Większością 153 głosów grecki parlament odrzucił wniosek o wotum nieufności dla rządu. Za odwołaniem rady ministrów było 124 posłów, a 17 wstrzymało się od głosu. - Wkrótce nasz kraj wyjdzie z kryzysu i naród dobrze o tym wie - zapewniał premier Antonis Samaras
Wniosek o wotum nieufności dla rządu złożyła Koalicja Radykalnej Lewicy (SYRIZA), główne ugrupowanie opozycyjne, uzasadniając ten krok pogłębiającym się kryzysem gospodarczym w kraju i autorytarnymi działaniami rządu.
W głosowaniu wzięło udział 294 z 300 deputowanych. Do przyjęcia wniosku konieczne było 151 głosów.
Jeden z deputowanych koalicji rządowej był chory i nie wziął udziału w głosowaniu, drugi zaś, reprezentujący centrolewicowy PASOK, głosował za przyjęciem wniosku, za co został usunięty z partii.
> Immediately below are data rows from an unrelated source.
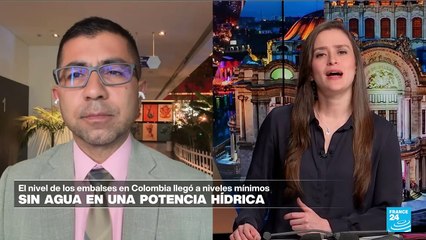 Alfred Ballesteros: 'Se necesitarán fuertes lluvias para que los embalses logren recuperar su capacidad'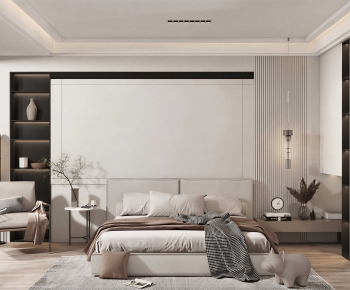 Modern Bedroom-ID:545198941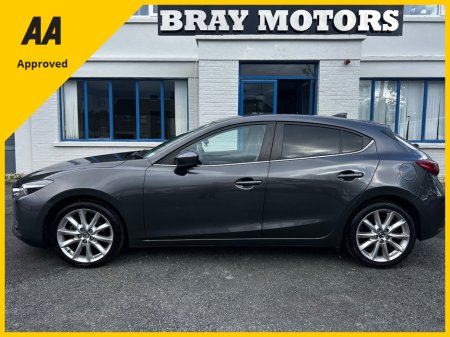 2017 Mazda Mazda3 2017 MAZDA 3 1.5d GT LINE HATCH LOW KMS €10,950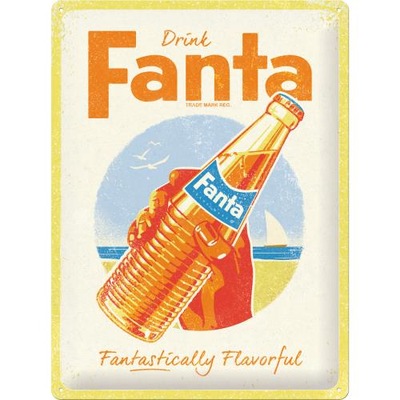 Tablica-Szyld Drink FANTA Special Editions 30x40cm 23303 фото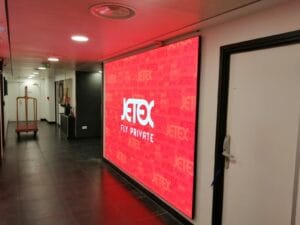 Mur d'image haute définition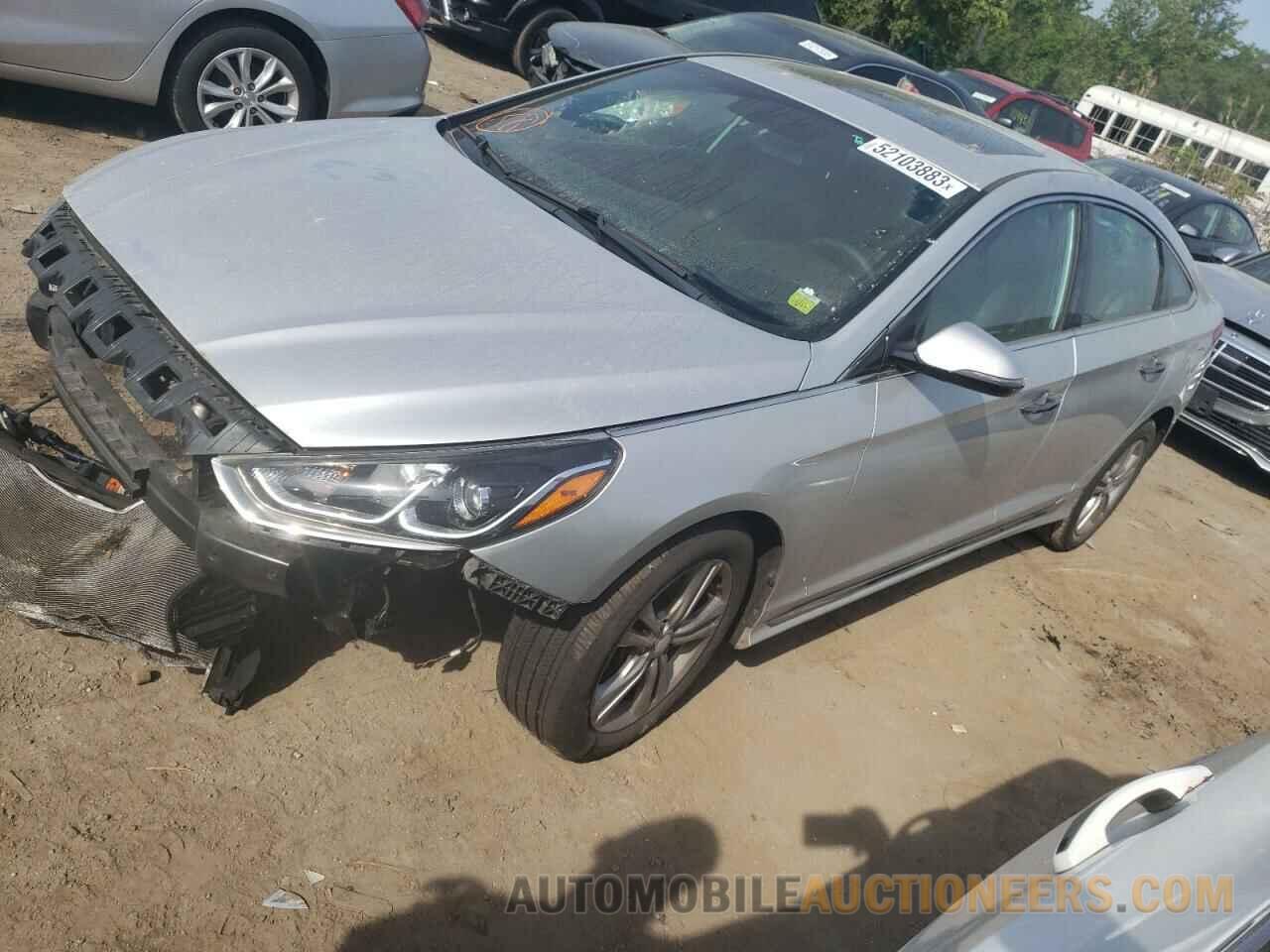 5NPE34AF5JH610469 HYUNDAI SONATA 2018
Radości z wyniku głosowania nie krył premier Antonis Samaras, lider centroprawicowej Nowej
Demokracji (ND). - Rząd wychodzi z tej batalii silniejszy - oświadczył Samaras i zapewnił, że
będzie kontynuował swoją pracę.
Premier zarzucił opozycyjnej Koalicji Radyklanej Lewicy, że próbuje pogrzebać każdą reformę oraz
wywołać niepokoje społeczne i doprowadzić do upadku rządu. - Tak jednak się nie stanie - powiedział
Samaras. - Wkrótce nasz kraj wyjdzie z kryzysu i naród dobrze o tym wie - zapewniał szef rządu
przed kamerami greckiej telewizji.
Lider SIRYZY Alexis Tsipras oświadczył w parlamencie, że jego partia chce zapobiec gospodarczej
katastrofie i osłabieniu demokracji. Zarzucił, że prowadzona przez rząd i pożyczkodawców polityka
oszczędności jest "barbarzyńska" i prowadzi do pogłębienia podziałów społecznych.Podczas debaty, przed parlamentem w Atenach przeciwko rządowi i polityce oszczędności protestowało
około 3 tysięcy osób. Nie doszło do poważniejszych incydentów.